The best way to vent my inner turmoil in that moment would have been to sing more Winterreise – but no, I thought, apparently my soulless Winterreise doesn’t convey any emotion so there would be no point in doing that!

While I experienced great emotional contrasts (from tenderness to rage) in the performance and thought I was communicating them, what actually came across to my teacher on this particular run-through was a narrow dramatic range, not enough variety between sections. Also, she thought my physicality could be more relaxed (less shifting back and forth and conducting with my hands) and I should take calmer breaths earlier, rather than gasping right before phrases began. And there were places where I could have rolled my German r’s with more vigor.

My teacher’s technical comments did not surprise me – these were precisely the things I had chosen not to worry about during my uninhibited performance, but I expected I’d still have to go back and work on them. The more confusing thing was that all the inner passion which I assumed must necessarily manifest in my singing just hadn’t come through. This was one of the most fervid moments I remembered having in the voice studio, and I felt I had taken a real risk in laying myself bare like that. For someone who’s usually reserved, these times of exposure don’t come often. How could my experience of performing the piece be so at odds with what my teacher perceived?

At one point in my life, a disconnect like this would have been more than confusing, it would have been crippling, sending me into a spiral of questioning and doubt. As an audience member – on the one hand – I’ve always reveled in the mystery of artistic expression. While we can analyze a performance and talk about its features, there’s no way to systematically predict what will move a listener, or how communication between artist and audience will unfold – and that keeps the game interesting. But when it comes to my own performances (whether in singing, playing guitar, speaking, or any other medium) I’ve always wanted there to be a clear causal relation between inner experience and external response. I want to know that what the audience hears will be somehow connected to what I feel, or at least that when I have a great inner moment, something rare and transcendent, when I think I’m at my very best, it won’t all turn out to be a fantasy! When that hope has failed, I’ve often become obsessed with trying to understand why. Where did the communication go wrong? Was I deluded, or was the listener in the wrong, or was something strange happening in the air between us?

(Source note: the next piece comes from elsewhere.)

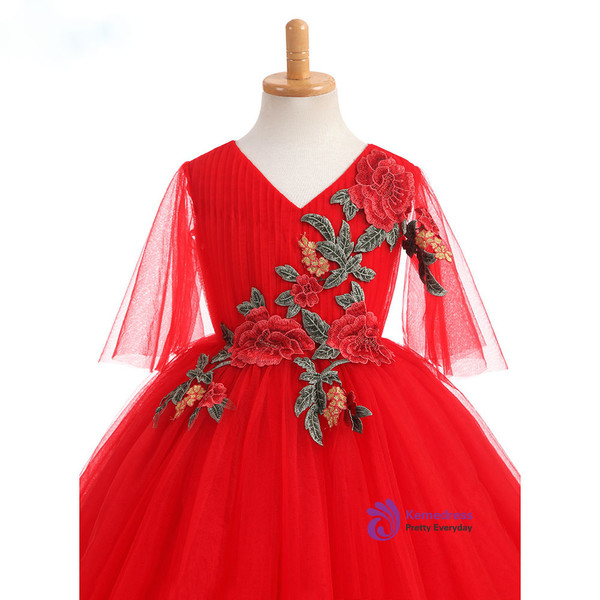 Stunning 2017 Ball Gown Ruby Flower Girl Dresses Tulle V Neck Flowers Appliques Tea Length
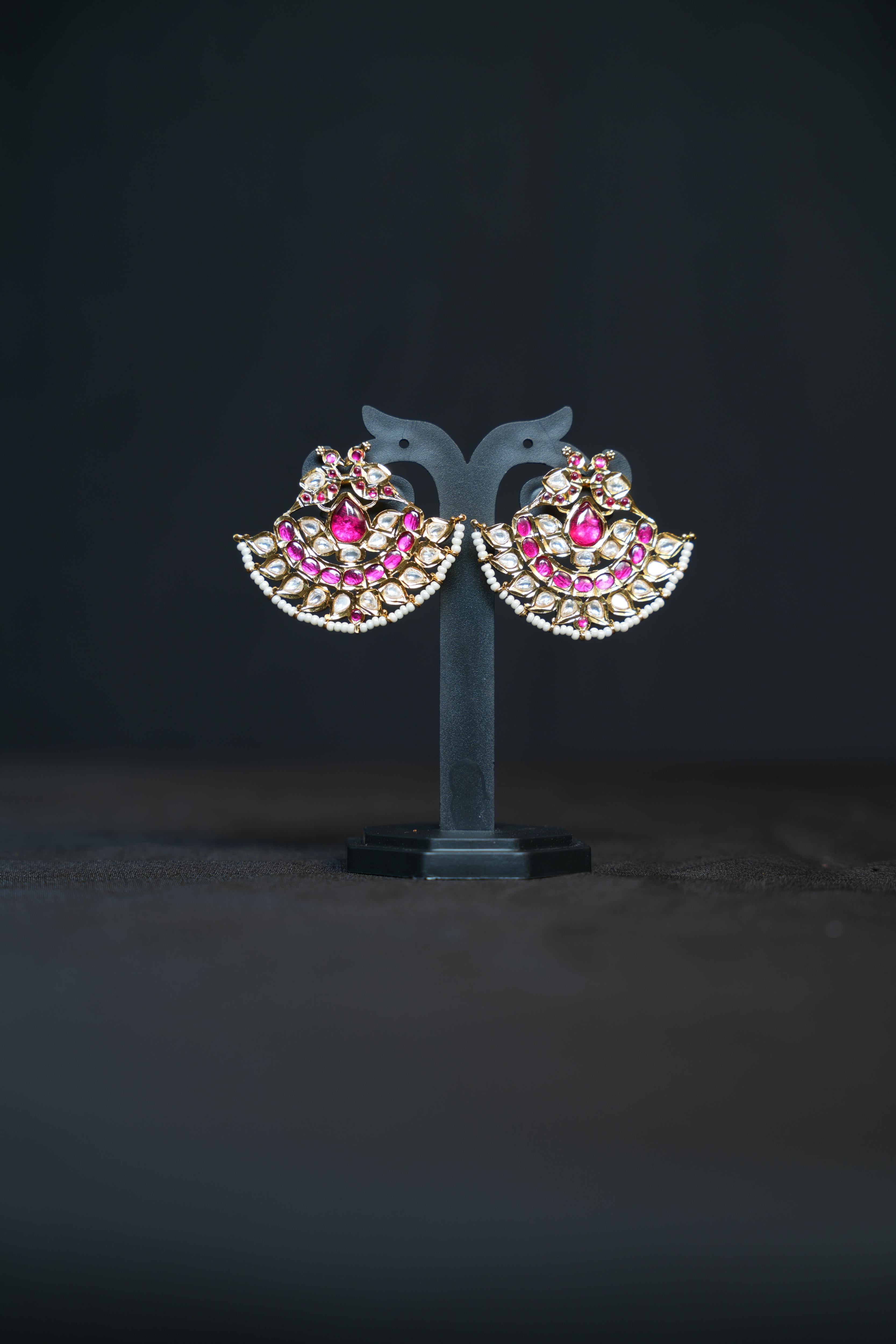 Gulabi Kundan Chandbali Earrings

In this particular context I began to wonder whether my teacher and I read the Schubert score differently — perhaps our interpretations were simply irreconcilable? Or maybe she was concentrating mainly on technical points as she listened? Or could it just have been that I was “off” without knowing it? But then how could it have felt so right? Endless questions sprung up, but I was able to walk away from them before too long, and that’s a choice that would have been difficult for me to make earlier in my life. It’s frustrating when there’s a disconnect and then… no, you don’t go and brood over it for hours… you go on and sing the next piece.

The way I look at things now is like this: as you perform, you might be moved by the music you’re making, or you might be unmoved, as if you’re executing the mechanics without true participation; likewise, the audience might be moved, or they might be unmoved. Of course, this is an extreme simplification of what’s possible. The important thing to realize is that all combinations of inner experience and external response can happen: you might be moved and the audience might be moved too – that’s great. Or you might be unmoved and the audience might be unmoved as well. That’s unfortunate, but at least it makes some kind of “sense.” In both cases, you and the audience appear to be in sync. But there are two other scenarios that make less intuitive sense and yet they happen all the time: you might be moved but the audience is unmoved, they just don’t “get it.” And on the other hand, you might be unmoved but the audience turns out to be deeply moved by what you’re doing – somehow! There’s really no way to know for certain, or to fully control, which combination will arise — the best you can do is influence it by practicing and trying your best every time.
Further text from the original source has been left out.